All the lines below should be set down exactly, with no picture carried into the copy.

### Short descriptive text snippets
##############################

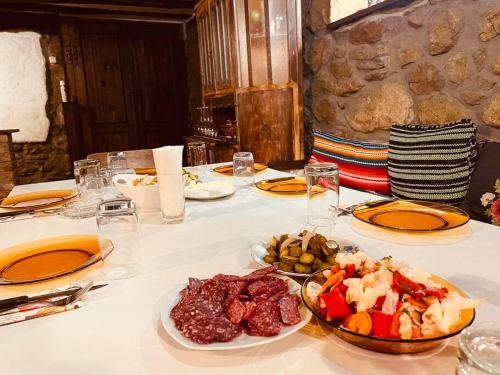 a white table with plates of food on it at Guest House “Anchetata” in Apriltsi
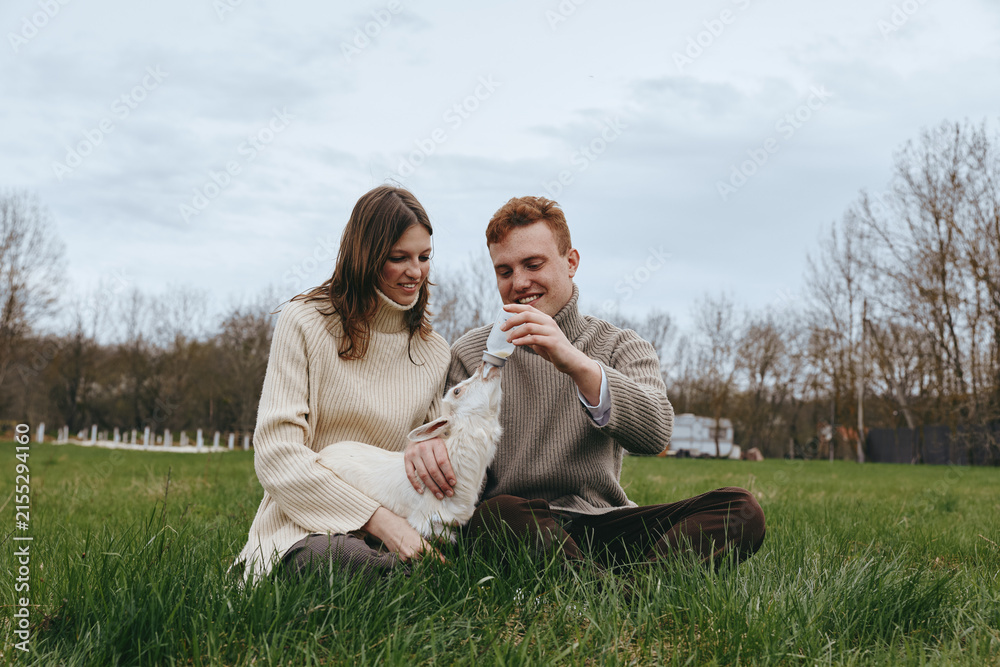 Obraz premium couple outdoors lifestyle dog meadow grass sweater happiness relaxed candid nature joyful affection companionship sunlight greenery field scenery moment bonding warmth park breeze comfort casual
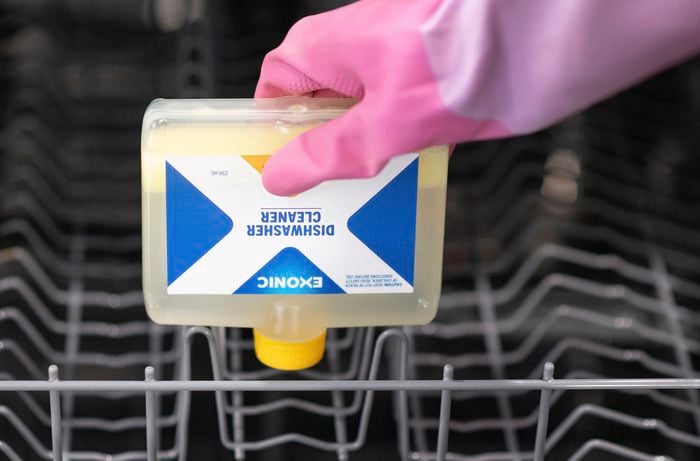 A hand in pink gloves is holding an exonic dishwasher cleaner positioning it downwards towards the dishwasher rack.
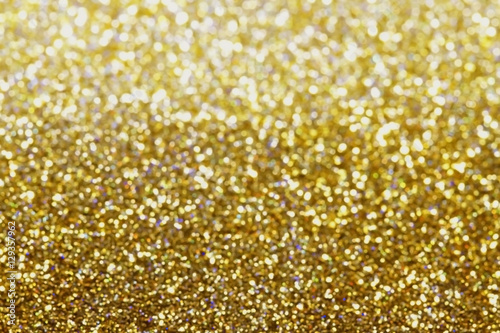 Glitter and glow soft gold bokeh shining light abstract dreamy sparkle background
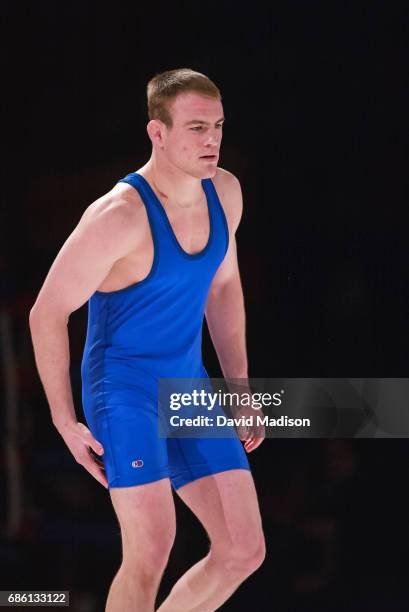 Cael Sanderson of the United States wrestles Semen Semenok of Belarus during the freestyle wrestling event of the Titan Games on February 15, 2003 at...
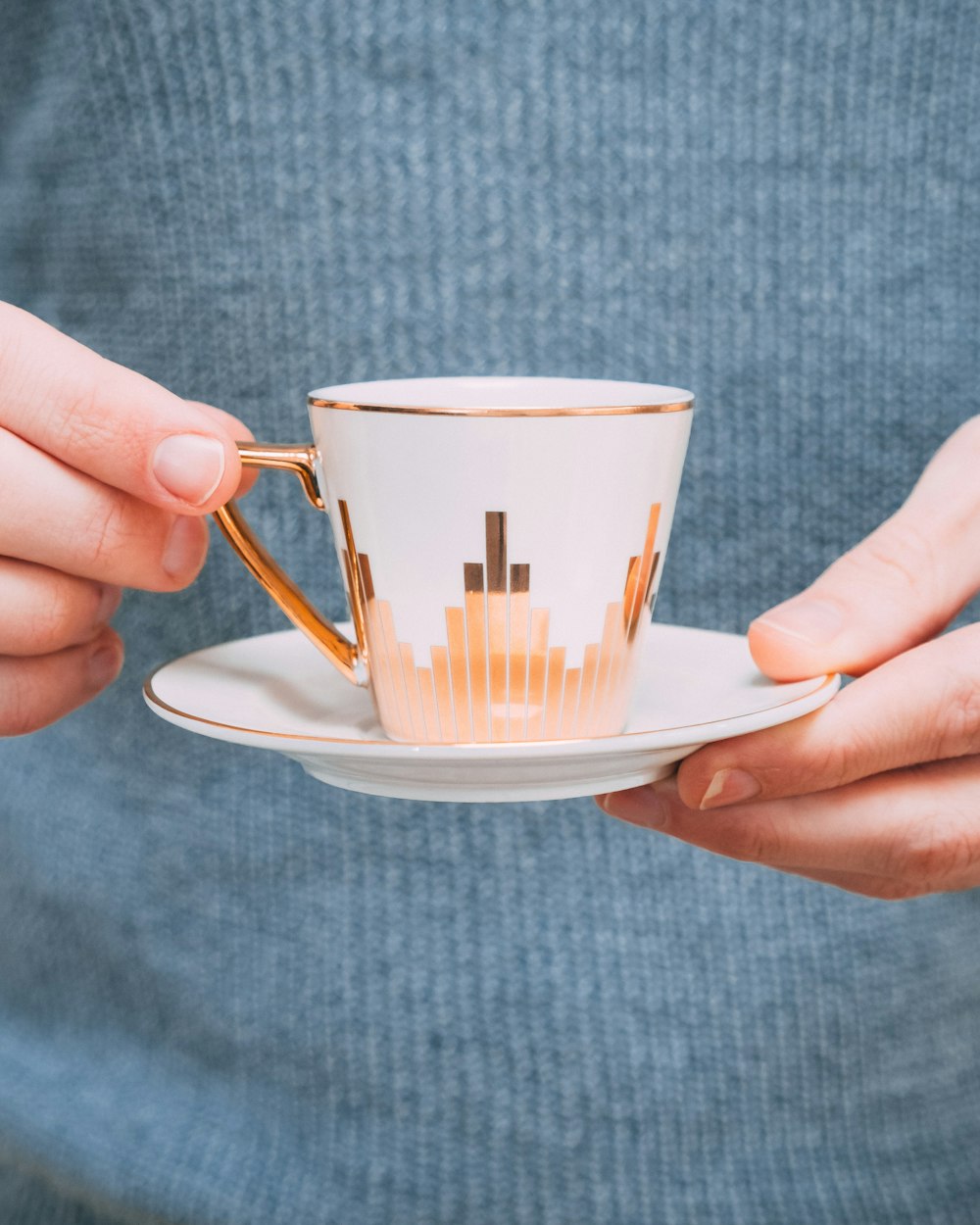 persona que sostiene una taza de té de cerámica blanca y dorada con platillo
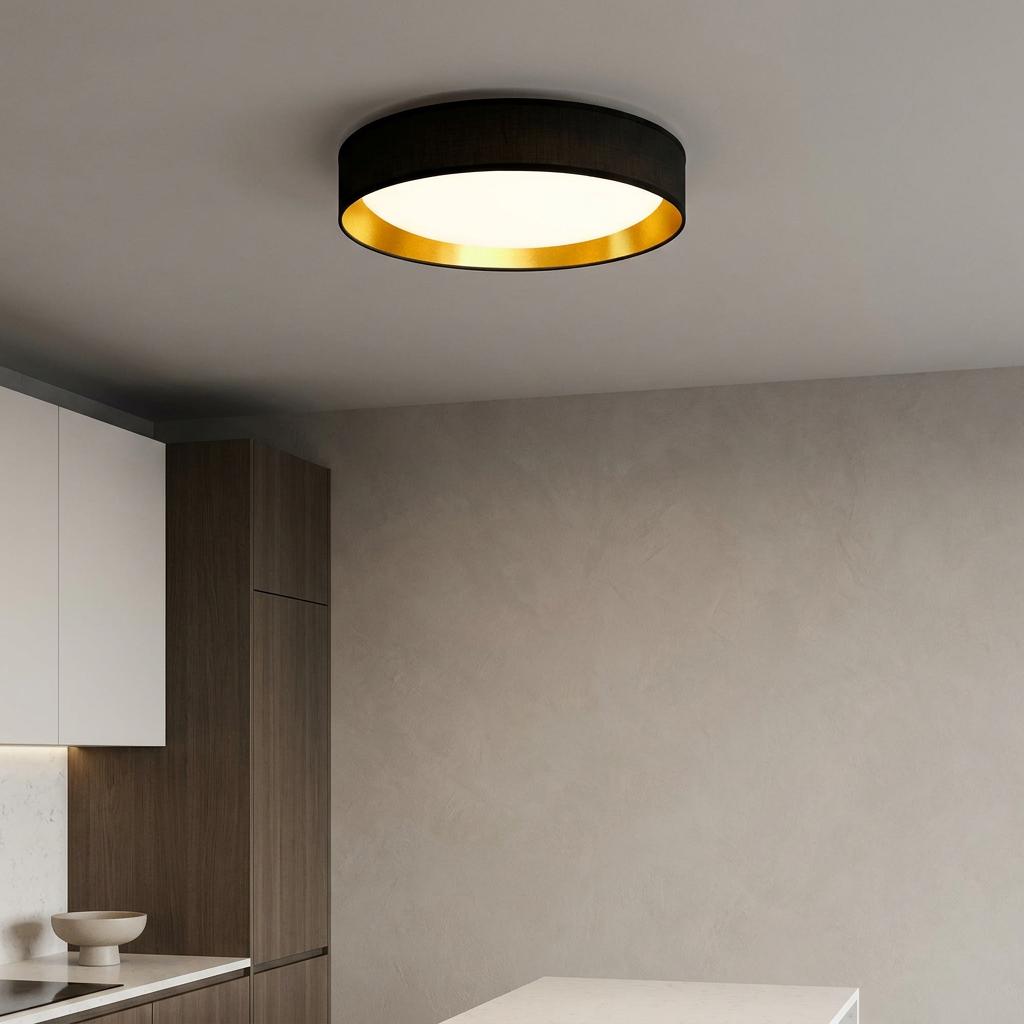 Circular black ceiling flush light with a gold inner rim and white diffuser in a minimalist kitchen setting.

##############################

### Response to the exercise
 a white table with plates of food on it at Guest House “Anchetata” in Apriltsi
 Obraz premium couple outdoors lifestyle dog meadow grass sweater happiness relaxed candid nature joyful affection companionship sunlight greenery field scenery moment bonding warmth park breeze comfort casual
 A hand in pink gloves is holding an exonic dishwasher cleaner positioning it downwards towards the dishwasher rack.
 Glitter and glow soft gold bokeh shining light abstract dreamy sparkle background
 Cael Sanderson of the United States wrestles Semen Semenok of Belarus during the freestyle wrestling event of the Titan Games on February 15, 2003 at...
 persona que sostiene una taza de té de cerámica blanca y dorada con platillo
 Circular black ceiling flush light with a gold inner rim and white diffuser in a minimalist kitchen setting.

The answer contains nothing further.